20 August 2012
Posted in Our Planet, Our Universe
An extraordinary cluster of galaxies is continuing to shatter cosmic records! The cluster of galaxies is located nearly 7 billion light years away. It is known as SPT-CLJ2344-4243, though astronomers have given it a less formal nickname: the Phoenix Cluster. Named after the constellation it resides in, the cluster appears to contain thousands of galaxies within it, with each varying in size to that of a dwarf galaxy (a small galaxy comprised of several billion stars) to clusters of stars the size of the Milky Way galaxy.
The Phoenix Cluster is unlike anything astronomers have ever seen before; it is about 2,000 times the apparent mass of the Milky Way. Or to put things in better perspective, 2.5 quadrillion times the mass of the sun!
However, it doesn’t stop there!
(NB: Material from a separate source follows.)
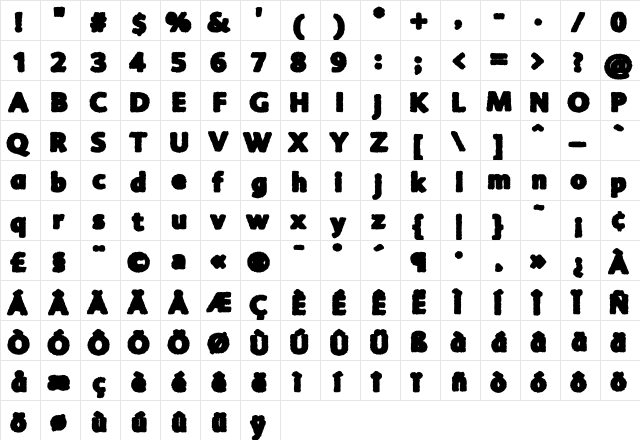 Advert Rough Five Regular font glyph preview Advert Rough Five Regular font glyphpreview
Not only is the mass of this galaxy record-breaking, but it is also creating new stars at an unprecedented pace. Researchers say that the Milky Way produces just one or two stars a year. So how many is the Phoenix Cluster producing? A whopping 740 stars per year! The previous record holder was Abell1835, a galaxy that forms about 100 stars per year.
Scientists are hoping that this record-breaking galaxy cluster will help them solve a decades-old puzzle about how slowly similar clusters cool. It’s known as the cooling flow problem. According to theoretical models, gases thrown out by star explosions should natural cool over time, forming a gas flow cold enough to condense and form new stars quickly. No one had ever seen this happen up until now.
In most cases, jets of material from supermassive black holes at the center of these galaxies prevent them from ever reaching temperatures at which star birth can kick into high gear. In the case of the Phoenix Cluster, however, it is not behaving like most galaxies in the cooling flows. Scientists have many ideas as to why this would be, though they are not sure which, if any, are correct.